DATA PROVIDED:
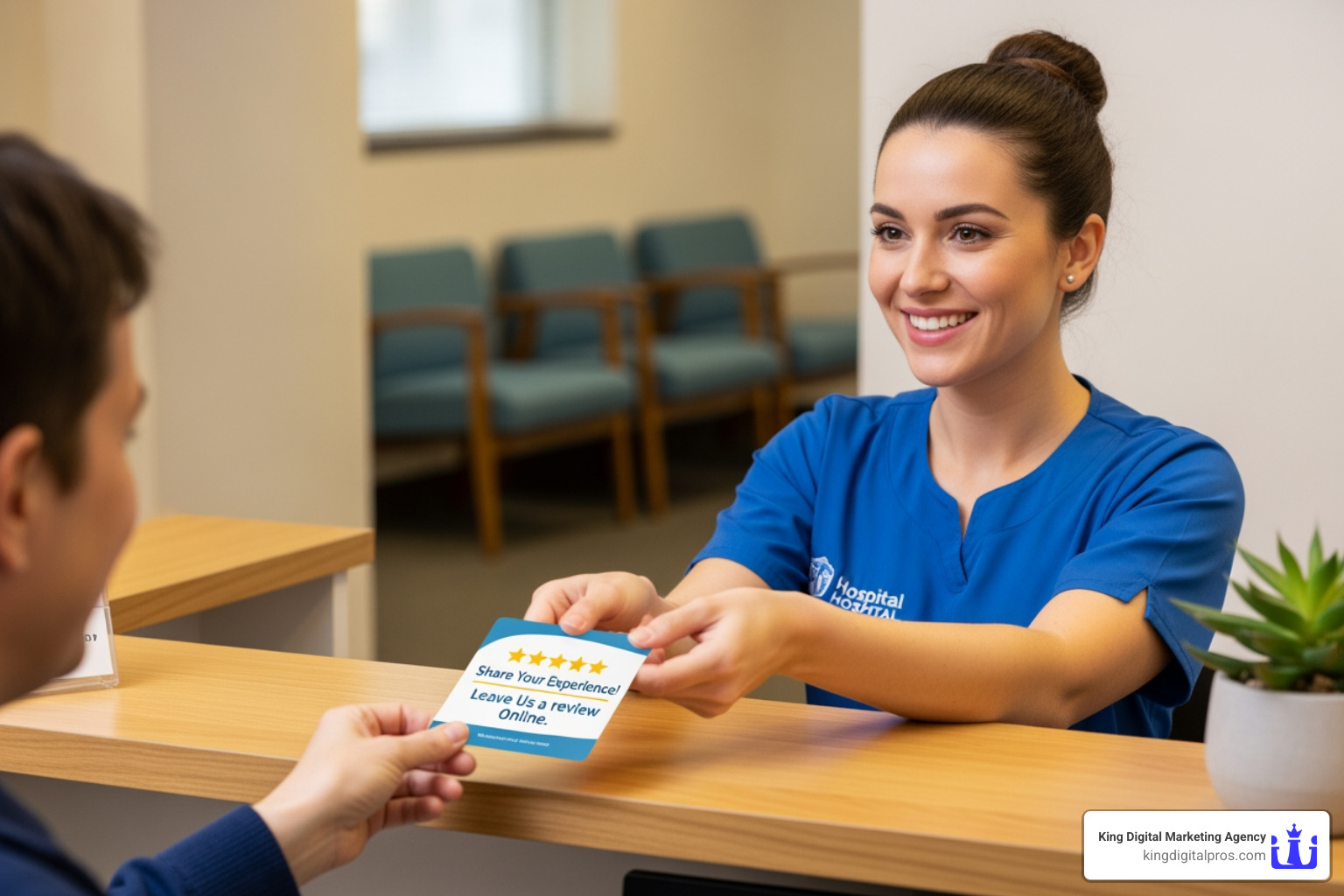 receptionist handing a review us card - online reputation for doctors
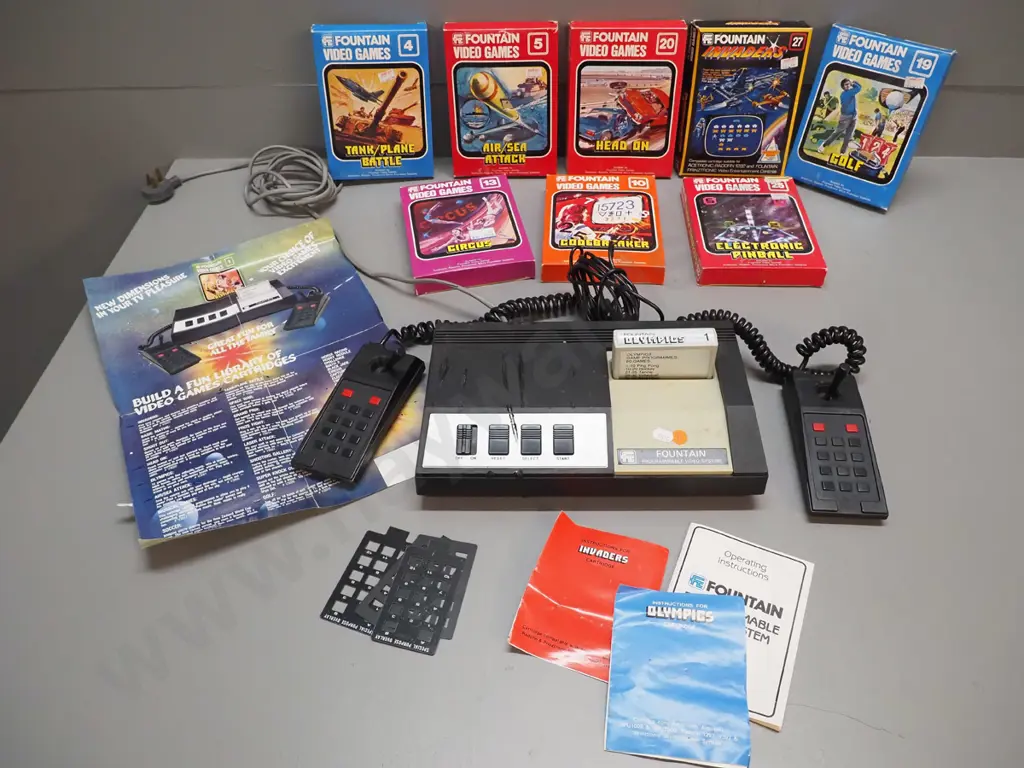 early Fountain video game console with 9 game cartridges, most in original box, w/poster etc. Image 1++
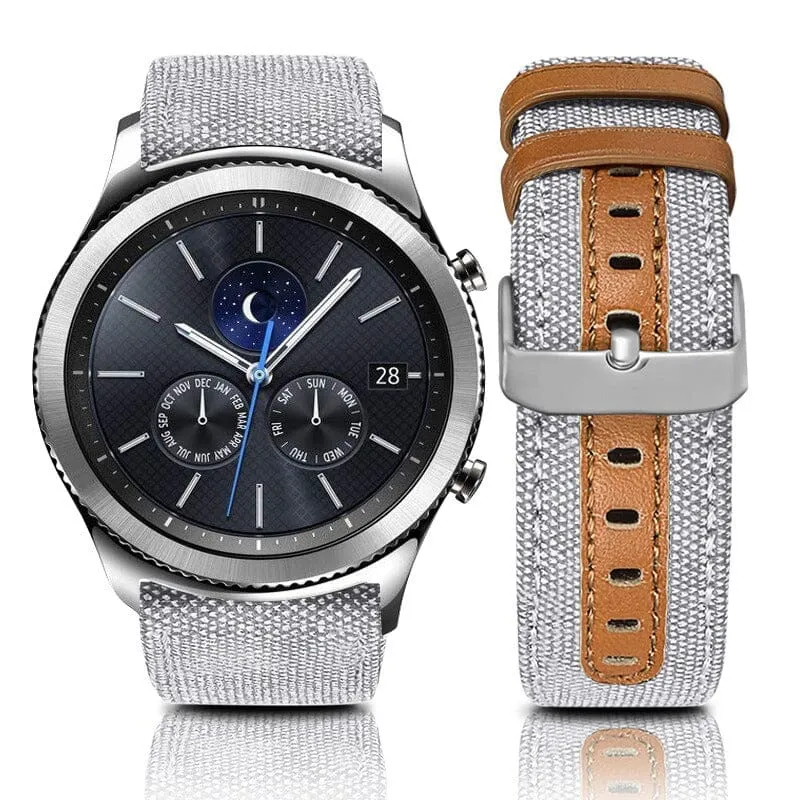 Denim & Leather Watch Straps Compatible with the Garmin Vivoactive 4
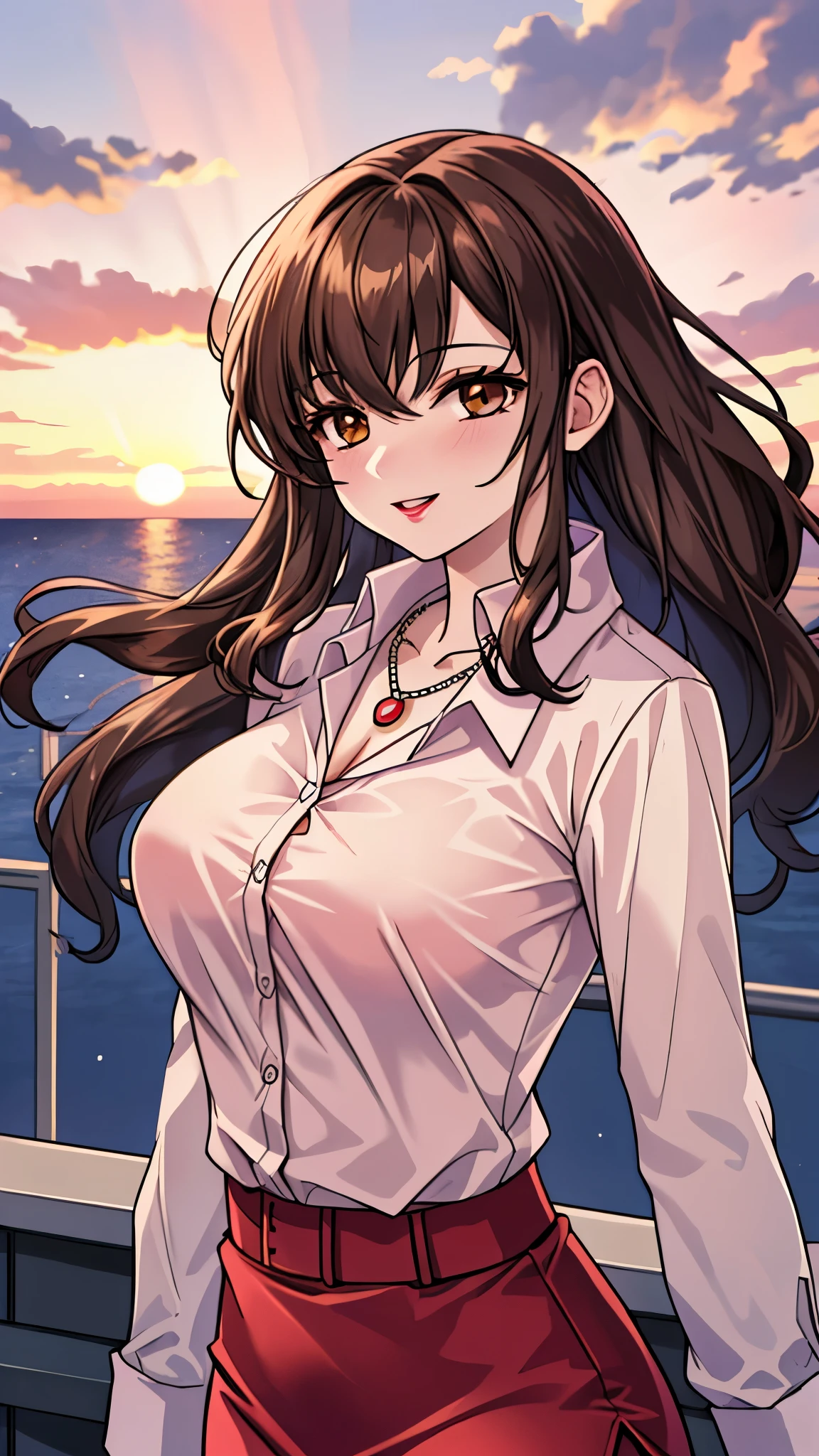 （（super high quality,））（（Ultra-high resolution,））（16K,）（super masterpiece,）（（Ultra HD ,））（Detailed shading,）Shooting from below,Upper body photo,A sexy mature woman,Wavy brown medium-long hair,Part your bangs neatly on the side,The wind lifts my hair,Thick and glossy lips,A pink shirt with a tight collar and the third button undone,Long sleeve,Red pencil skirt,necklace,happy,Put one hand on your head,Sunset rooftop,Background with sea view,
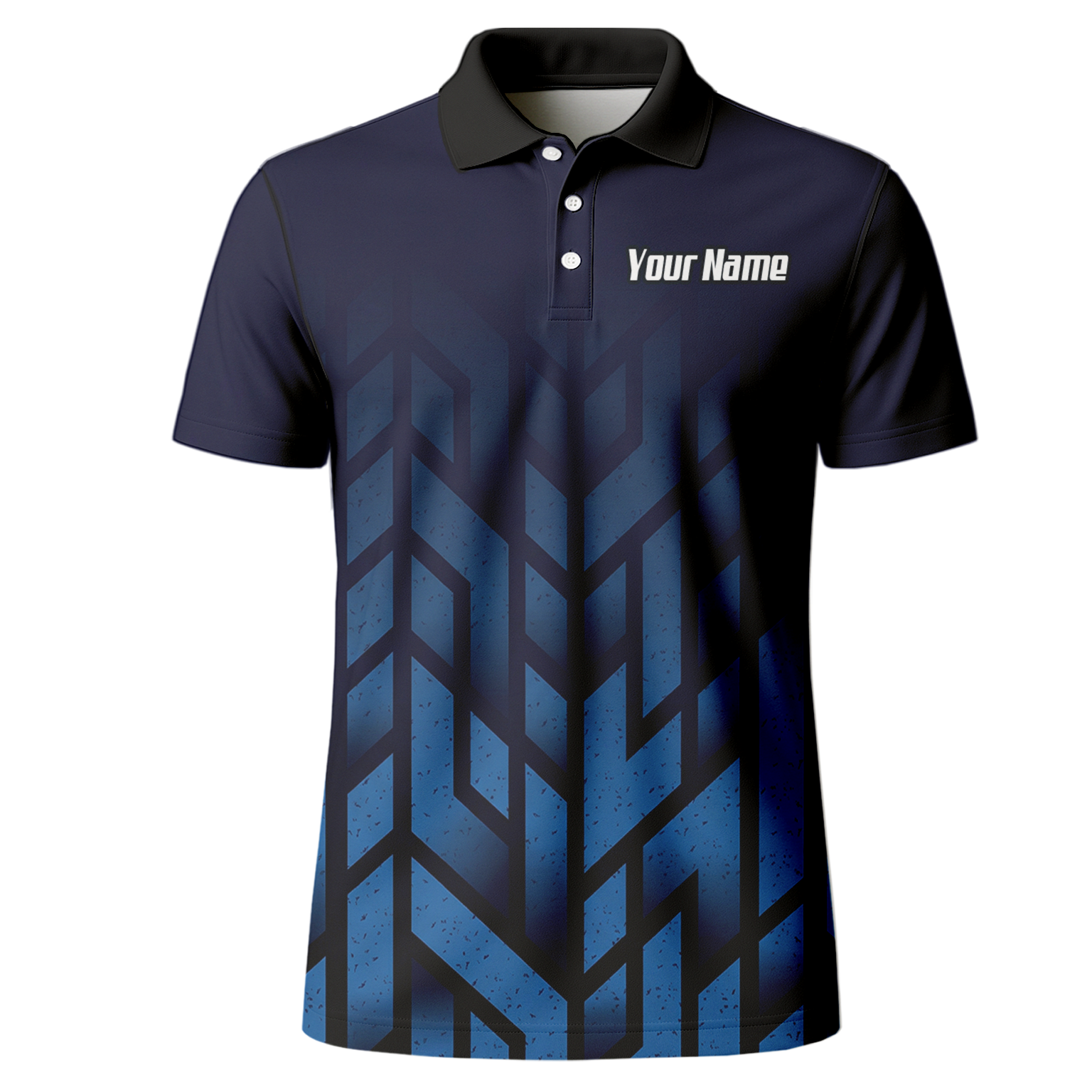Personalised Blue Devil Dart Jersey Polo and Zipper Navy Geometric For Men R1762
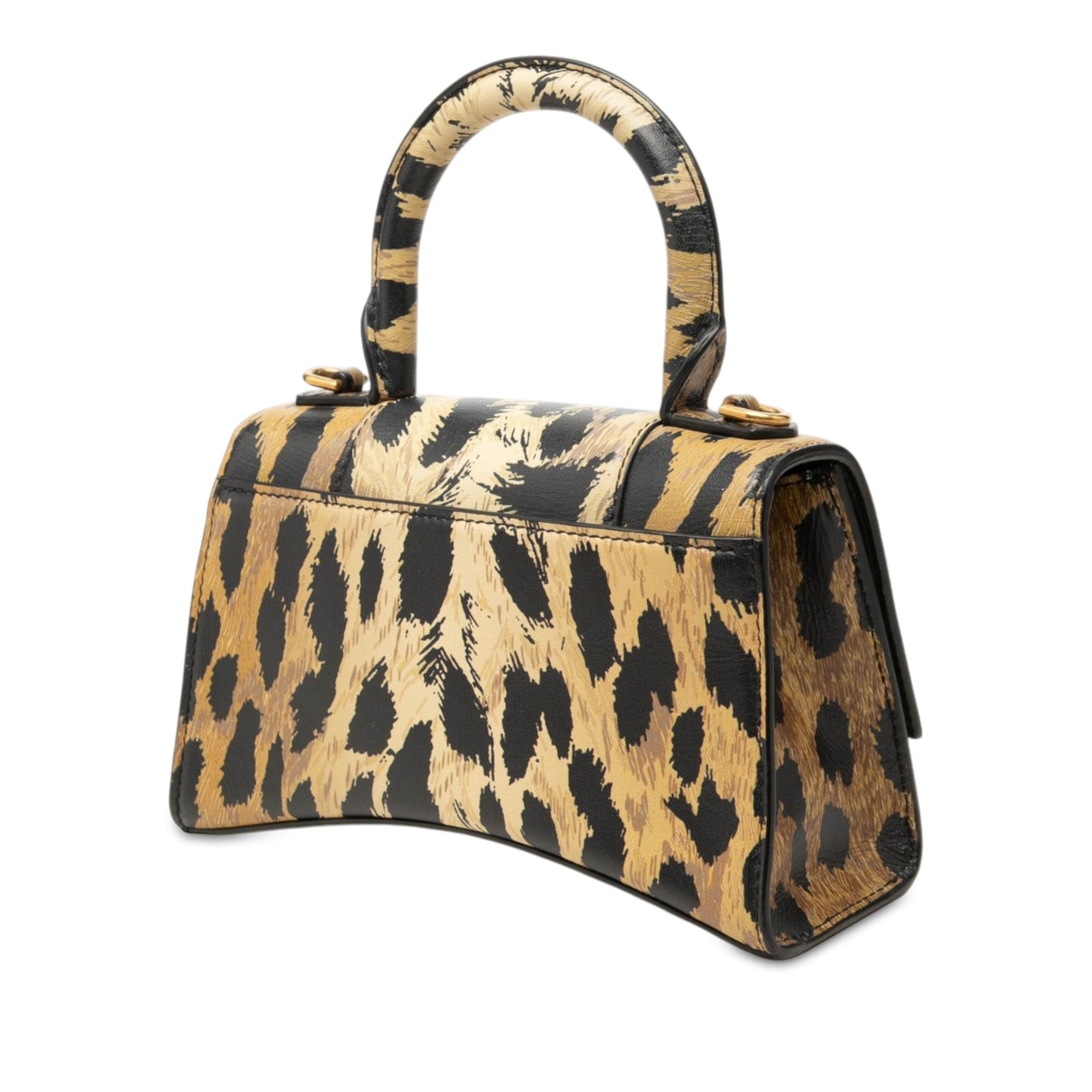 Balenciaga Calfskin Leopard Print Hourglass Top Handle Bag XS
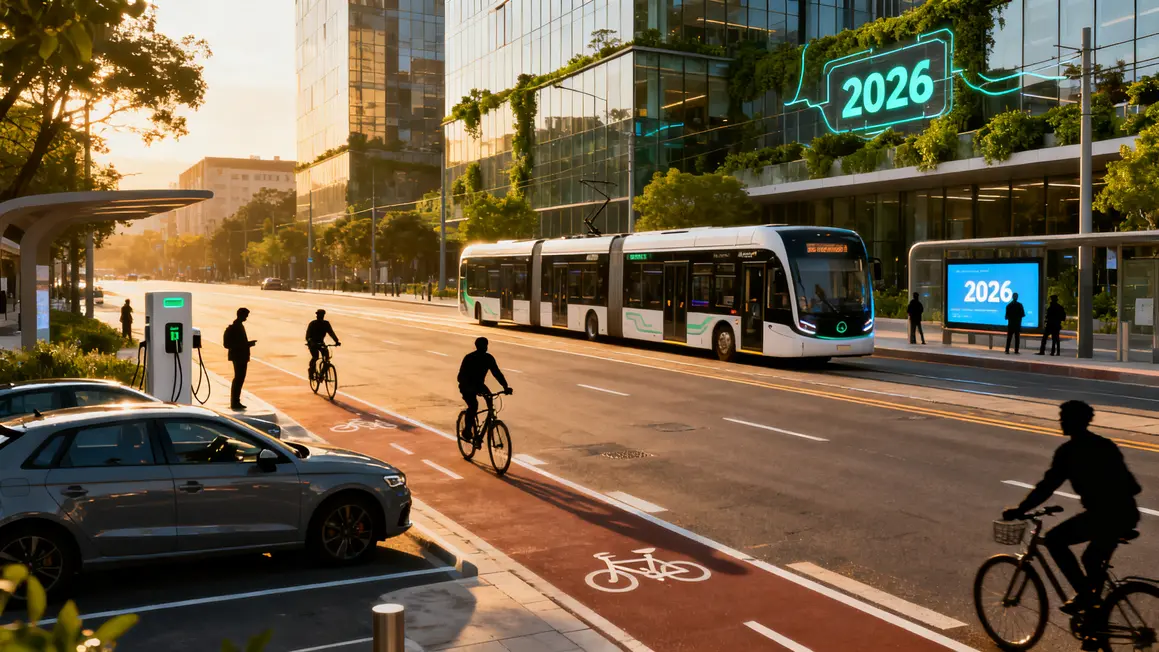 Bus électrique tram vélos covoiturage mobilité locale 2026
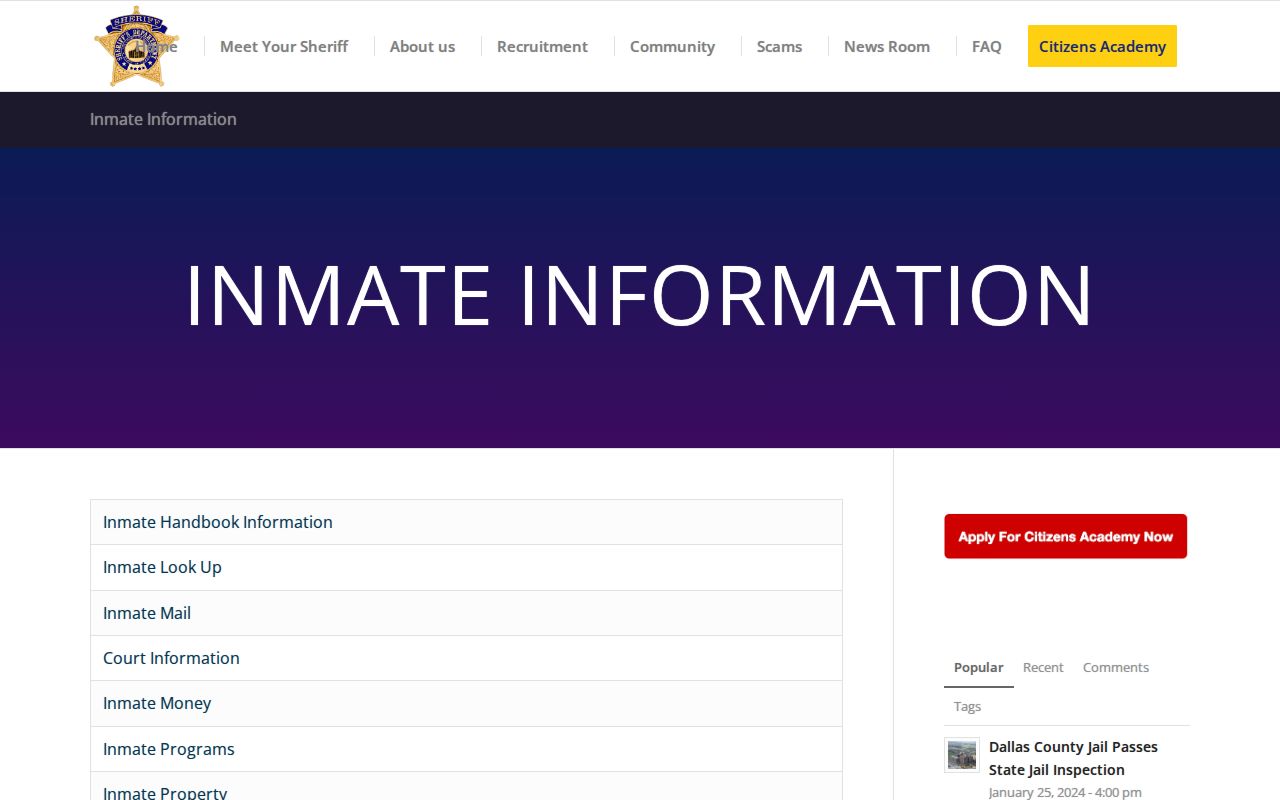 Dallas County arrest history inmate information page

EXERCISE BRIEF:
Your answer must be the lines from the one containing "early Fountain video" through the last line of the records, copied exactly, with no pictures.

ANSWER TO THIS PROBLEM:
 early Fountain video game console with 9 game cartridges, most in original box, w/poster etc. Image 1++
 Denim & Leather Watch Straps Compatible with the Garmin Vivoactive 4
 （（super high quality,））（（Ultra-high resolution,））（16K,）（super masterpiece,）（（Ultra HD ,））（Detailed shading,）Shooting from below,Upper body photo,A sexy mature woman,Wavy brown medium-long hair,Part your bangs neatly on the side,The wind lifts my hair,Thick and glossy lips,A pink shirt with a tight collar and the third button undone,Long sleeve,Red pencil skirt,necklace,happy,Put one hand on your head,Sunset rooftop,Background with sea view,
Personalised Blue Devil Dart Jersey Polo and Zipper Navy Geometric For Men R1762
 Balenciaga Calfskin Leopard Print Hourglass Top Handle Bag XS
 Bus électrique tram vélos covoiturage mobilité locale 2026
 Dallas County arrest history inmate information page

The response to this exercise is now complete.